*Work instruction*
Return the whole listing unchanged. Drop the images.

*Data provided*

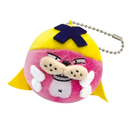 Super Shiro round stuffed toy - Dekaboo 96pc set 4991901413449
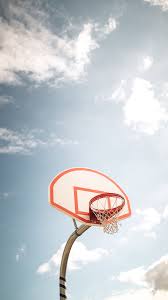 Get 20% off wallpaper rolls now through july 23rd! Download Wallpaper 1350x2400 Basketball Basketball Hoop Basketball Backboard Sky Iphone 8 7 6s 6 For Parallax Hd Background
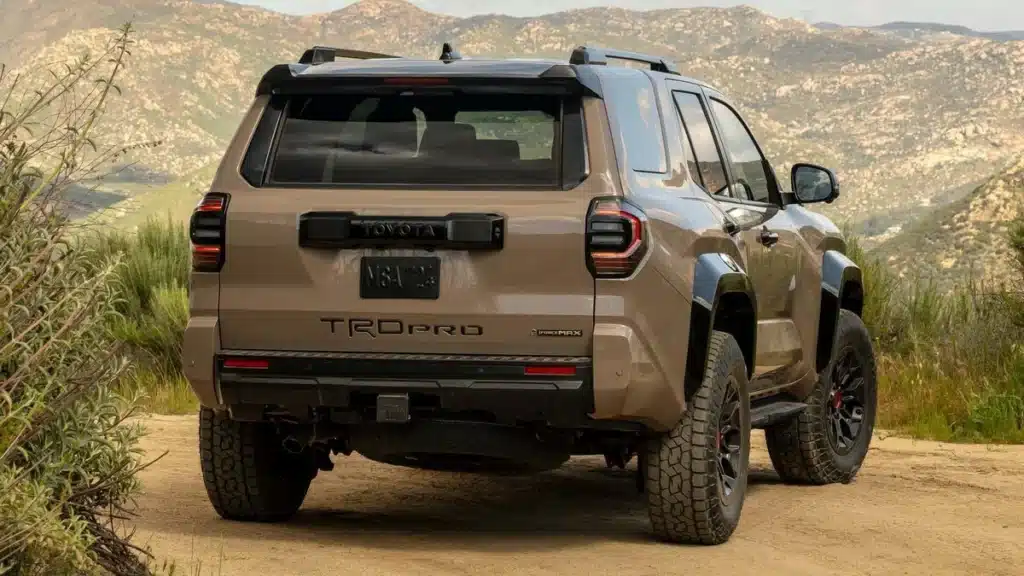 toyota 4runner mpg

*Exercise solution*
 Super Shiro round stuffed toy - Dekaboo 96pc set 4991901413449
 Get 20% off wallpaper rolls now through july 23rd! Download Wallpaper 1350x2400 Basketball Basketball Hoop Basketball Backboard Sky Iphone 8 7 6s 6 For Parallax Hd Background
 toyota 4runner mpg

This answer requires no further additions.